Dyszę, ale nie daję sobie czasu na wytchnienie, bo wiem, że to zdecydowanie nie jest koniec. Podbiegam do dziecka i każę wspinać się po kondygnacji, nie mamy zbytniego wyjścia. Nie możemy uciekać dołem, bo te wszystkie stworzenia są cholernie szybkie, już lepszą opcją było uciekanie po dachach budynków. Mimo że zapewne znajdą się i takie stwory, które również umieją łazić po ścianach.
Pomagam jej wejść na belkę i kiedy ja sama chcę się podciągnąć, coś zrzuca mnie i czuję okropny ból, gdy pazury wbijają się w moje ciało. Nim mogę cokolwiek zrobić, kły zaciskają się na mojej szyi i wydaję z siebie stłumiony jęk. Widok mi się rozmazuje, a ja zdaję sobie sprawę, że tym razem mi się nie udało.
Budzę się znów na fotelu w ośrodku i wzdycham. Jak tak dalej pójdzie, to moje statystyki pójdą się jebać.
Spoglądam na lekarza, który notuje coś w kartotece, zapewne zapisując moje wyniki z dzisiejszego dnia.
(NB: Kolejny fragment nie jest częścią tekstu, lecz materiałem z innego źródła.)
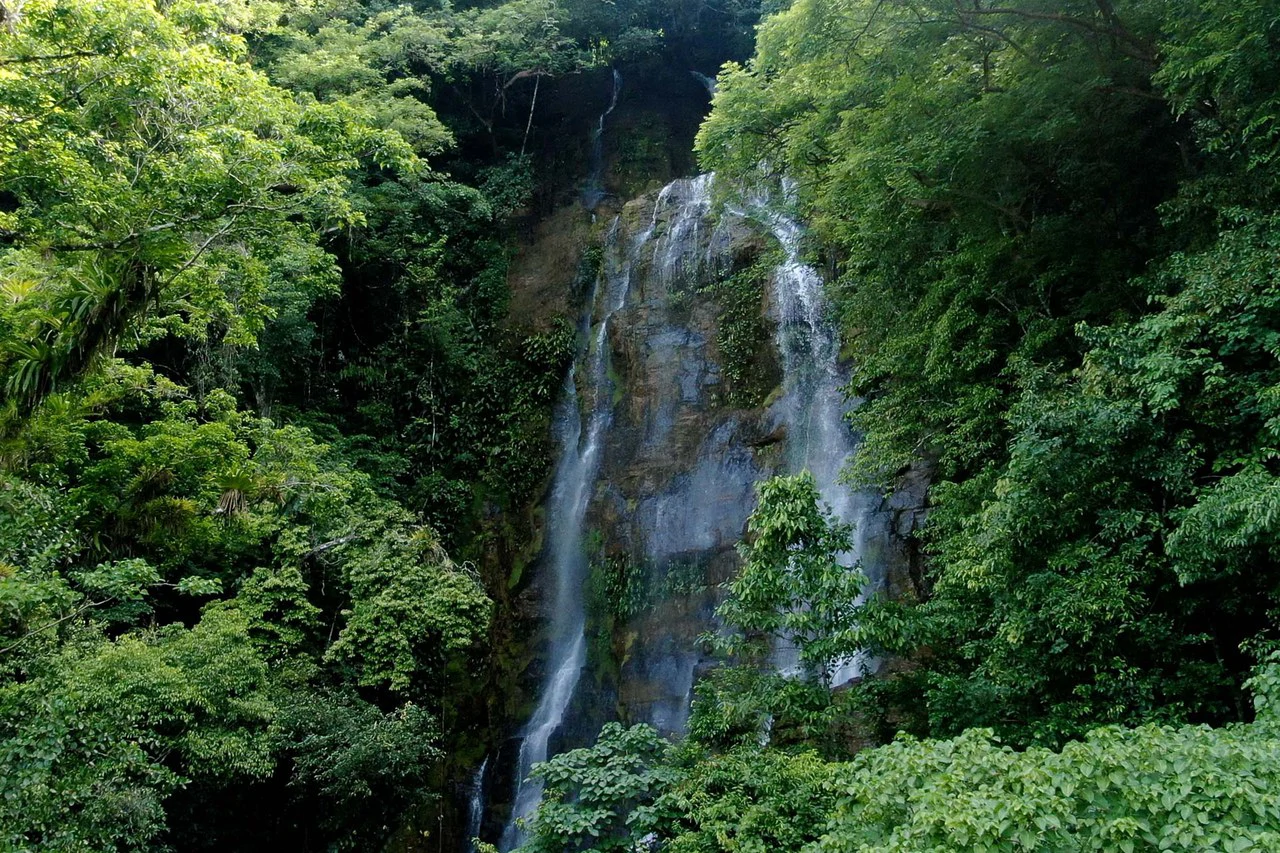 Luxury Waterfall-View Home with Guest House near Dominical, Costa Rica: Mountain House For Sale in Dominical - Gallery image 58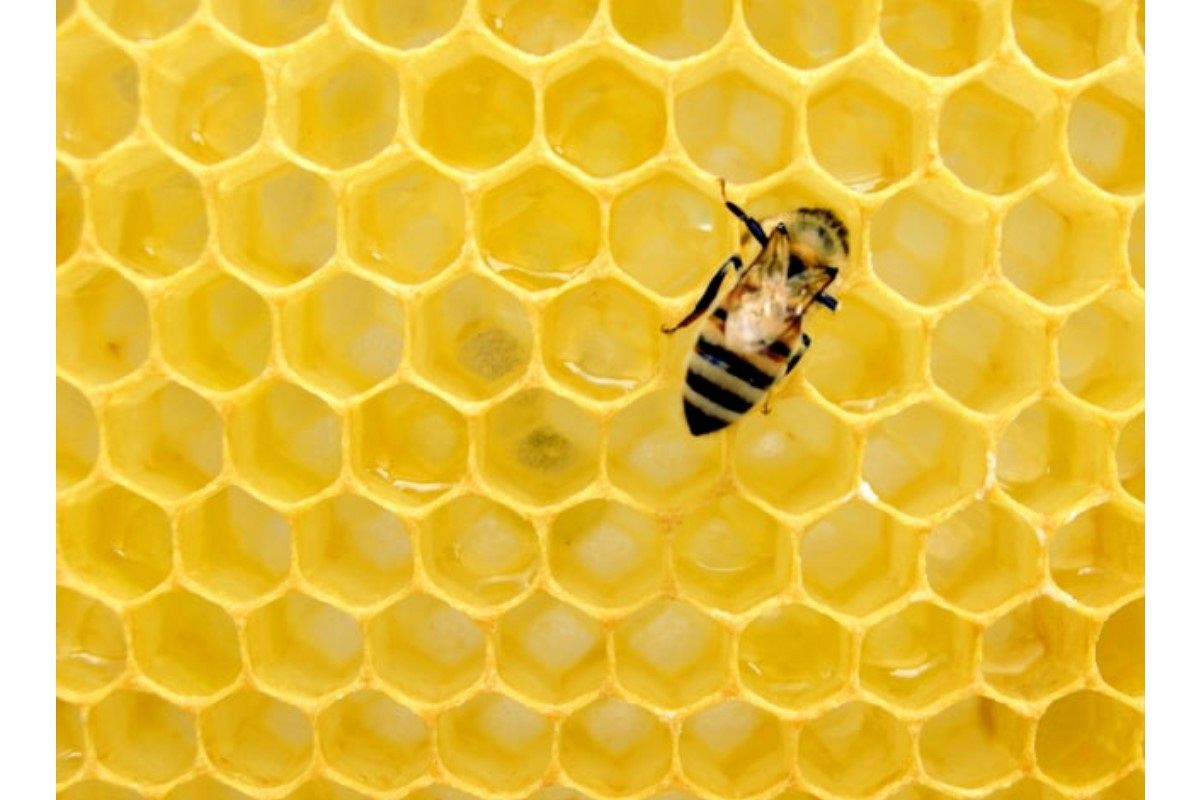 蜂の夢は何を暗示している？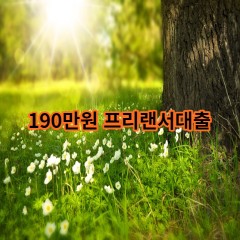 190만원 프리랜서대출 급전 당일 소액 일수 월변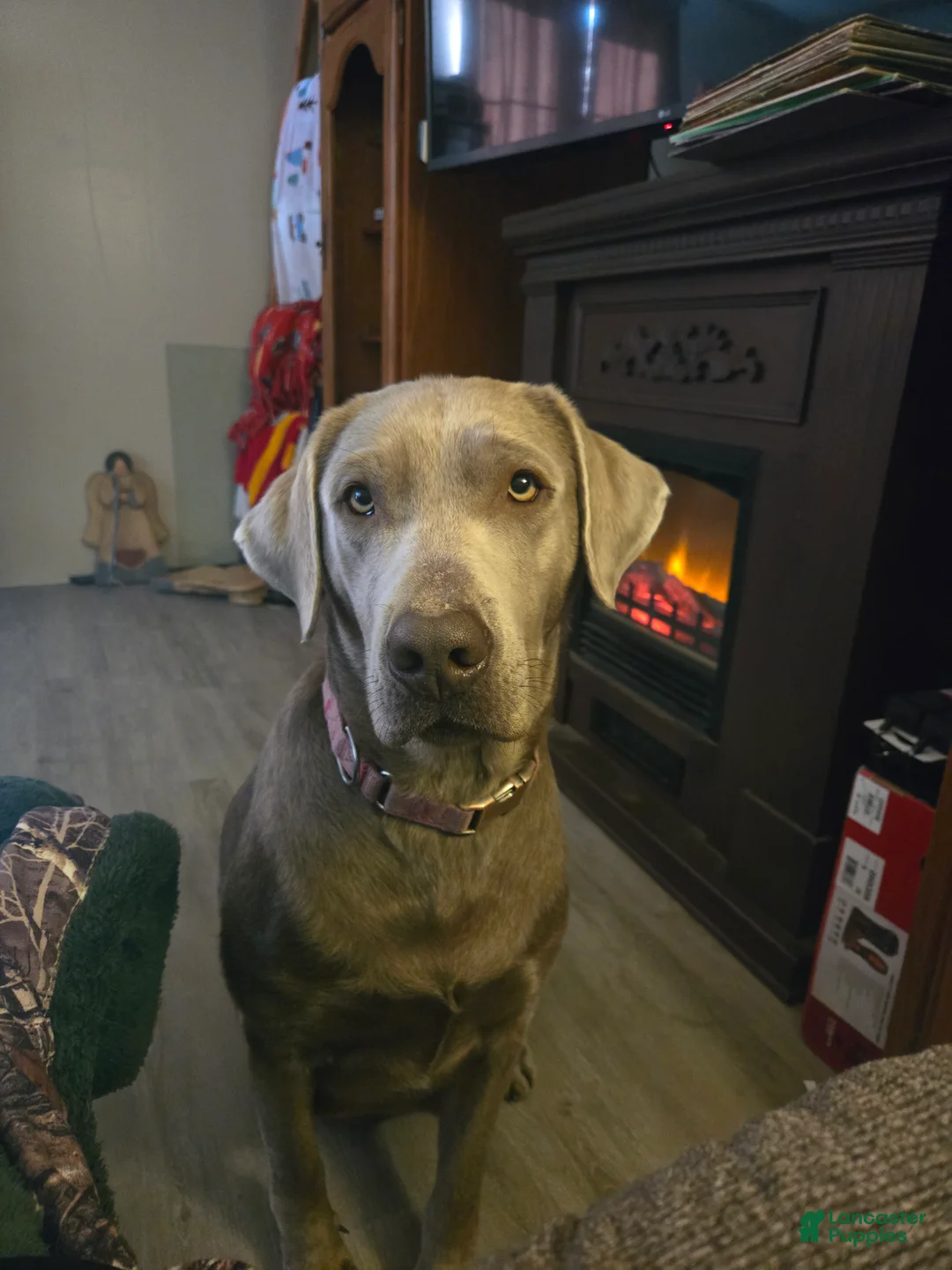 Labrador Retriever dogs for sale: Labrador Retriever Puppy 7 - Ad 2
— Jaka jest w ogóle szansa, że ktokolwiek przeżył na Ziemi? Przecież wojna nuklearna zmiotła wszystko, co żywe. Ewolucja zaczęła się od nowa, powinniśmy ingerować w świat, jaki tam powstaje? Może lepiej by było, jakbyśmy pozostali już w tym kosmosie w Arce Noego — zwracam się do mężczyzny, strzykając ze zdrętwiałego karku.
— Część terenów na Ziemi nie została narażona na bezpośrednie zagrożenie masowych broni, dlatego mamy hipotezę, że ktoś jeszcze pozostał żywy. Doskonale zdajesz sobie sprawę, że ciekawość ludzka nie zna granic. Poza tym nie chciałabyś powrócić na planetę? W takim razie, po co przechodzisz to szkolenie.
No właśnie, po co? Chyba żeby odliczać od stu do zera, gdy podadzą mi leki nasenne.